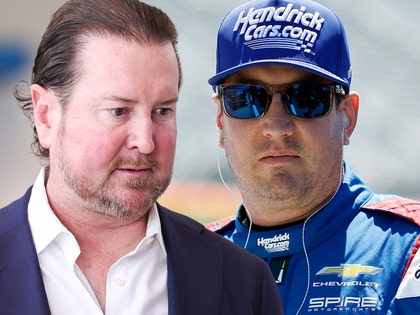 kurt and kyle busch main GETTY 2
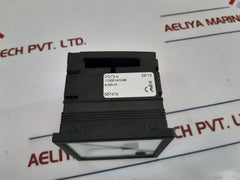 Deif Dq72-x Meter 0-600 Rpm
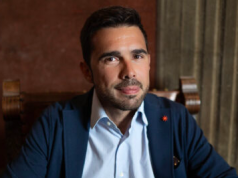 Fratelli d’Italia sceglie Michelotti per guidare il partito in Toscana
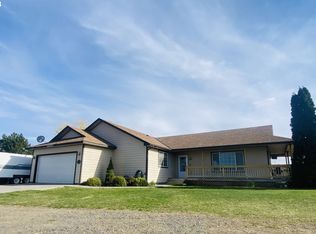 750 E California Ave, Irrigon, OR 97844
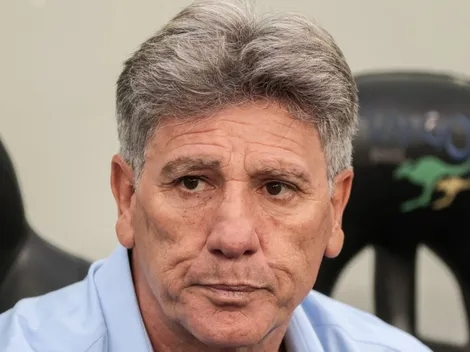 MLS faz proposta por xodó de Renato e Grêmio toma decisão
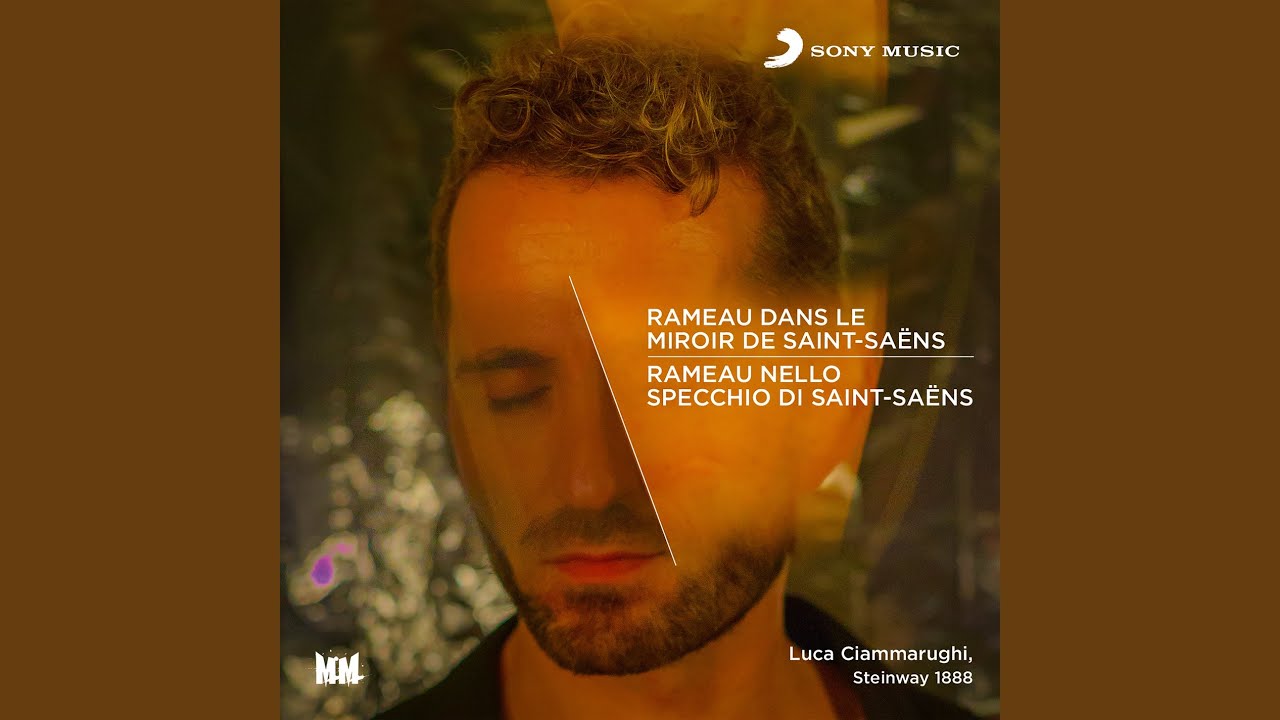 Nouvelles Suites de Pieces de Clavecin - Suite en la mineur RCT 5 (1728) : Allemande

★ ★ ★ ★ ★

● **Aim of the exercise**
Could you return, word for word, every line from the line with "Fratelli d’Italia sceglie" through the last line of the listing above, both ends included, without any pictures?

● **Answer for the task**
 Fratelli d’Italia sceglie Michelotti per guidare il partito in Toscana
 750 E California Ave, Irrigon, OR 97844
 MLS faz proposta por xodó de Renato e Grêmio toma decisão
 Nouvelles Suites de Pieces de Clavecin - Suite en la mineur RCT 5 (1728) : Allemande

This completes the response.